Almost as if they could see the energy crisis coming, the big oil companies have, without exception, diversified into various other holdings, with alternate energy sources such as coal and uranium predominating. Much of this was done several years before our present energy crisis. Now that synfuel is a political reality, such tax benefits as mineral exploration costs, depletion allowance, and capital asset depreciation on the vast synfuel plants (which can be built with government subsidies and grants) are more readily available. None of these tax write-offs are applicable to alcohol; the oil companies would be uncomfortable with alcohol because of not being able to control the source of their raw material, a renewable resource that any farmer can grow.
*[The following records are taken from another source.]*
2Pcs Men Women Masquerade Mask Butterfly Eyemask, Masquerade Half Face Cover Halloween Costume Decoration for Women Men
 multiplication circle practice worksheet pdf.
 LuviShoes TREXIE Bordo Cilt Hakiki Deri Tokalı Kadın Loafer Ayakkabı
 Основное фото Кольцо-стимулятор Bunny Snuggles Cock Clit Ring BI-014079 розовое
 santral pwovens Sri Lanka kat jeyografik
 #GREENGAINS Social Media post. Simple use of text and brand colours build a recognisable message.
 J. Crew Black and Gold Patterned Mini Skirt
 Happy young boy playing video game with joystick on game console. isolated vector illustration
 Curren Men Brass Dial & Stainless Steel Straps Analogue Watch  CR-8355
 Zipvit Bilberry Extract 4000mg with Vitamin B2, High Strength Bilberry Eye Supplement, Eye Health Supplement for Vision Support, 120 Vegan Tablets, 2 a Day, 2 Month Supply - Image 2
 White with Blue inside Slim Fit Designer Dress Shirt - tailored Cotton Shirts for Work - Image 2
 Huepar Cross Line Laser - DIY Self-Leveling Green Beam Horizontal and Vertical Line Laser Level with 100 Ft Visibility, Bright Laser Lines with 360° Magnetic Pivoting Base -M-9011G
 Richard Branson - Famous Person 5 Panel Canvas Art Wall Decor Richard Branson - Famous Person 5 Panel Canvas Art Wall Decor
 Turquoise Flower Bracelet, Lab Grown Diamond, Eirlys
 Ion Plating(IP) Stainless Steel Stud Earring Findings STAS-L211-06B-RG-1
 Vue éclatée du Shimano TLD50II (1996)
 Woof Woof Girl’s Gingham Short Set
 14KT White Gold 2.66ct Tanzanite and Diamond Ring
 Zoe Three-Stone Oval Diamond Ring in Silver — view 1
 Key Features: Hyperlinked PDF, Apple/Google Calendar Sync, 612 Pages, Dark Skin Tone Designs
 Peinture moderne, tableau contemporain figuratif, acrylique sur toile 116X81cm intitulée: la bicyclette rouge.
All citizens should demand equal consideration for alcohol fuel.
The editors reply: Mr. Taylor is about a year out of date regarding the big oil companies and fuel alcohol. Texaco and CPC International have formed a joint venture to produce ethanol; Cities Service and American Maize-Products are doing likewise; and Ashland Oil is talking with Publicker Industries about a similar project (Business Week, June 30, 1980). Gasohol provides a way for oil companies to offer a premium unleaded fuel, demand for which is growing. And the exemption of gasohol from federal and many state taxes makes it economical, as well.